_ABOUT THIS EXERCISE:_
Please repeat, exactly and without pictures, the lines of the entries below that run from the one containing "Tan / brown leather briefcase cut out." through the one containing "美品 GUCCI sunglasses".
MATERIAL FOR THE TASK Start Marker
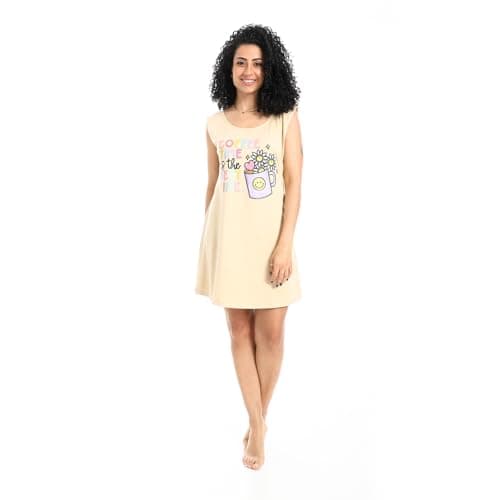 Andora Womens Printed Sleeveless Comfy Night Shirt (pack of 1) Nightgown nightshirt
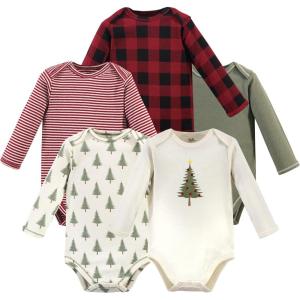 imageTouched by Nature Unisex Baby Organic Cotton LongSleeve BodysuitsTree Plaid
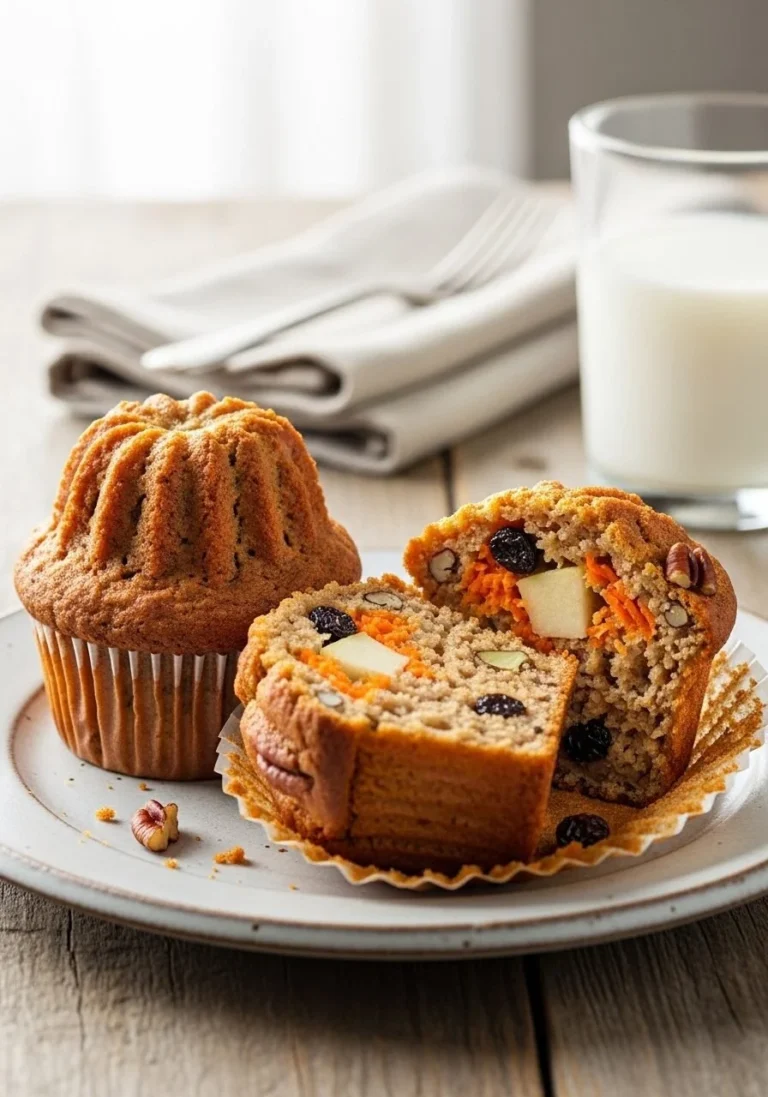 Healthy morning glory muffins with fruits and nuts on a plate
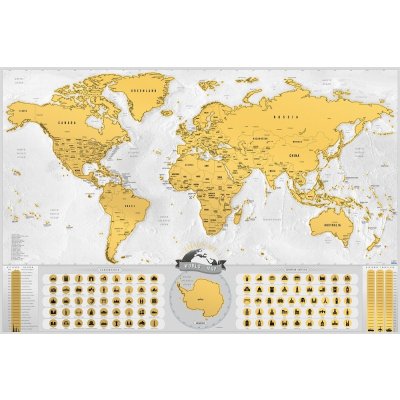 Stieracia mapa sveta Deluxe XXL – blanc (zlatá) - Giftio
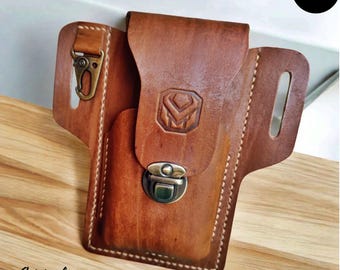 Men’s Leather Phone Holster with Belt Loop – Double Slot Crazy Horse Cowhide Case with Key Clip – Fits 6.3–6.5 inch Phones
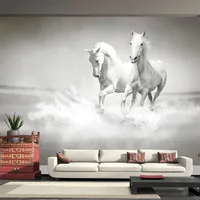 Пользовательский размер современный искусство 3D бег белая лошадь PO Машиная обои для спальни гостиная.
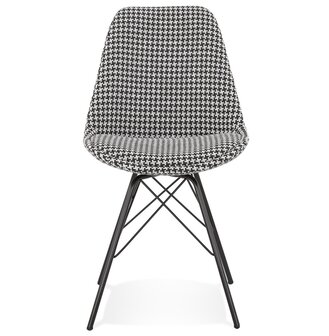 Design stoel &#039;ZAZY&#039; van pied-de-poule-print stof met zwarte metalen poten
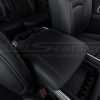 Close-up view of 2019-2022 Dodge Ram Console Lid cover in Black leather
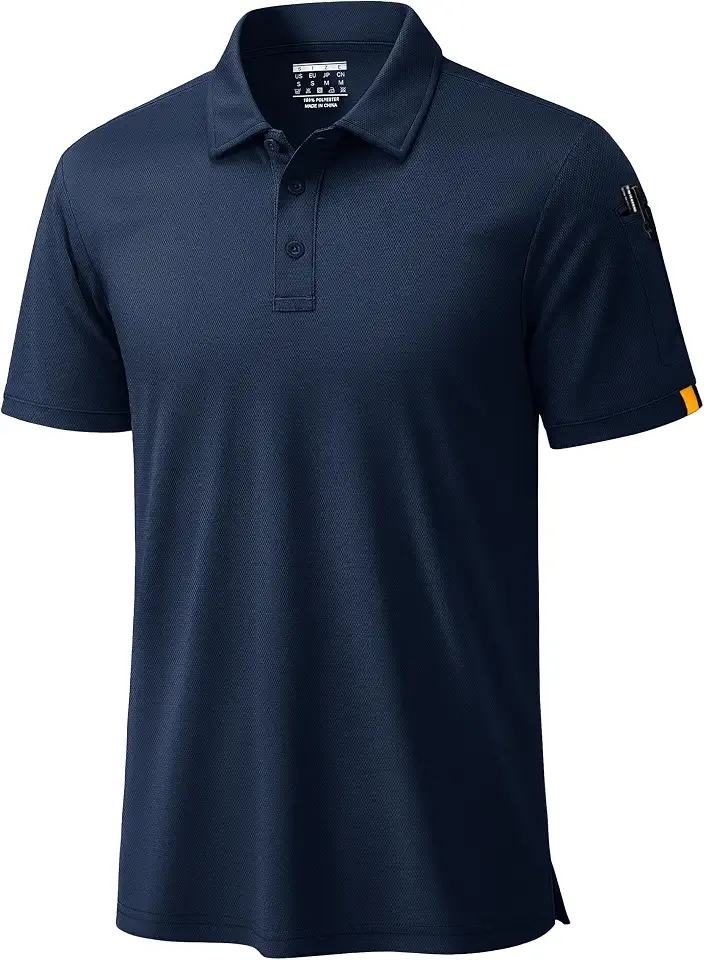 TACVASEN Men's Golf Polo Shirt Short Sleeve Collared Shirts Dry Fit Workout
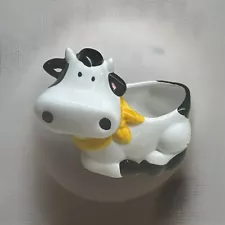 Vintage Whimsical Ceramic Cow Figurine Planter 4” New / Un-Used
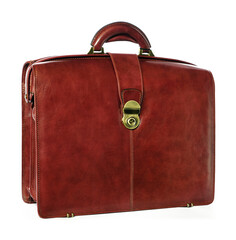 Tan / brown leather briefcase cut out.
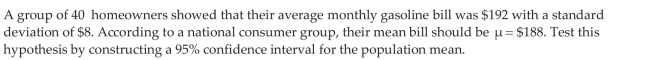 Test Hypotheses about a Population Mean with Known Using Confidence Intervals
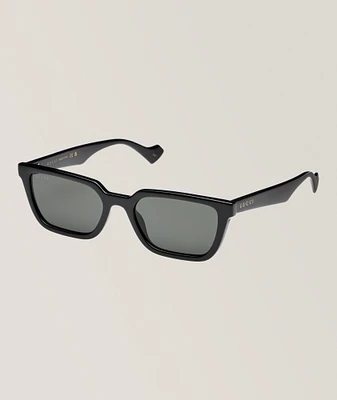 美品 GUCCI sunglasses unisex Black ribbon Rectangular frame sunglasses in black | GUCCI® US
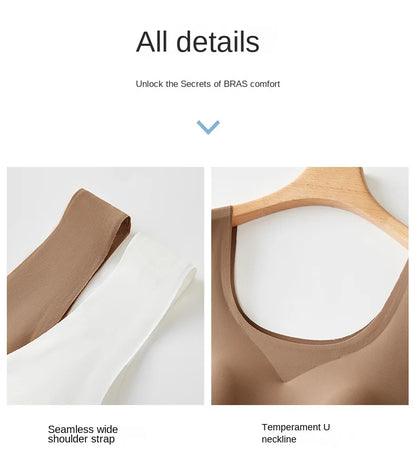 2 piezas/lote de camiseta sin mangas de seda sin costuras con almohadilla fija en el pecho para mujer, camisola sin mangas, ropa interior exterior, camisola de verano de alta elasticidad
MATERIAL FOR THE TASK End Marker
_ANSWER TO THE EXERCISE:_
 Tan / brown leather briefcase cut out.
 Test Hypotheses about a Population Mean with Known Using Confidence Intervals
 美品 GUCCI sunglasses unisex Black ribbon Rectangular frame sunglasses in black | GUCCI® US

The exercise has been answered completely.